It's a universal truth that there's nothing more boring in this world than hearing other people go on about a dream they had last night—except maybe (just maybe) if the dream is about you. As a rule, other people's dreams are usually incoherent and meaningless. The one thing I've always wondered though is what people who've lost their sight dream at night—what do you dream if you can't see? To find out, I got in touch with Ivana Zivkovic, teacher at the Dragan Kovacevic Elementary School for Visually Impaired in Belgrade, who told me that blind people "dream exactly how they live."

She explained: "Dreams are experienced differently by different people. There are blind people who say they don't dream, while some insist that other senses are primary when they dream. People born blind have no visual impressions while dreaming, while people who have lost sight later in life do have them. Those visual impressions weaken as time goes by, though. Research indicates that hearing is the most prevalent sensation in the dreams of blind people, followed by touch, smell, and taste."

To learn more, I spoke to Ana Jovcic, Dragisa Drobnjak, and Nikola Zekic. Ana and Dragisa lost their sight at a later age and still have visual sensations in their dreams, while Nikola lost his sight at birth.

Ana Jovcic was born prematurely, and while fighting for life in an incubator, her optical nerves were destroyed by the large dose of oxygen she received to survive. Her sight was impaired when she was younger, but she lost it completely at age 9. Today, she studies Serbian Literature at Belgrade University.

Dragisa Drobnjak lost his sight when he was 11, in the sudden blast of an unexploded bomb from World War II. He graduated with a law degree in 1973, and worked as a legal administrator for the Association of Blind in Serbia for 35 years. He is now retired.

Nikola Zekic is currently studying Ethnomusicology at Belgrade's Music Academy. His parents expected him some time in November 1995, but he was was born prematurely on August 22nd. Like Ana, he was given large amounts of oxygen in the incubator, which made him completely blind.

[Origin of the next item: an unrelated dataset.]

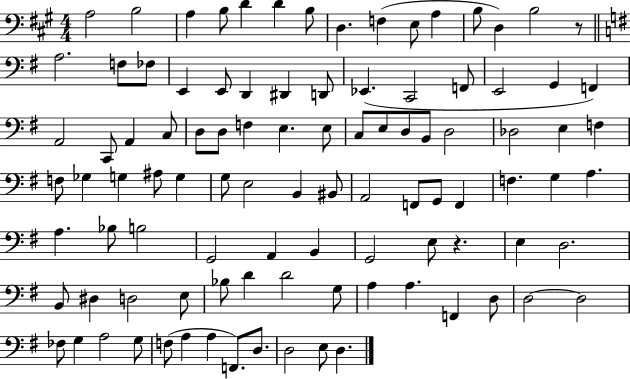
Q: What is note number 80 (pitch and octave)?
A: A3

VICE: How do visual impressions appear in your dreams?
Ana Jovcic: My sight has never been good—I don't remember certain objects clearly, but I do remember colors, my parents' faces, and my sister. I don't remember what, for example, the color turquoise looks like but I have relatively strong memories of basic colors like red and blue.

If I saw someone once, I'll dream about them as I remember them. They'll probably have changed in the meantime, but they'll stay the same for me. When I meet someone new, I'll have to imagine them first—I make a mental image of his or her look—and that's what they'll look like in my dream.

Dragisa Drobnjak: Up until I was 11, I dreamt with all my senses. After I lost my sight, I had two types of dreams for a while. One was in color, with people, objects, and places I had seen before. The other type of dream was linked to when I had a new experience or met someone new—in these dreams I heard or felt something, like a voice, or a pat on the back from someone. I had both kinds of dreams for several years but gradually the dreams in color began to disappear. I now never have those anymore.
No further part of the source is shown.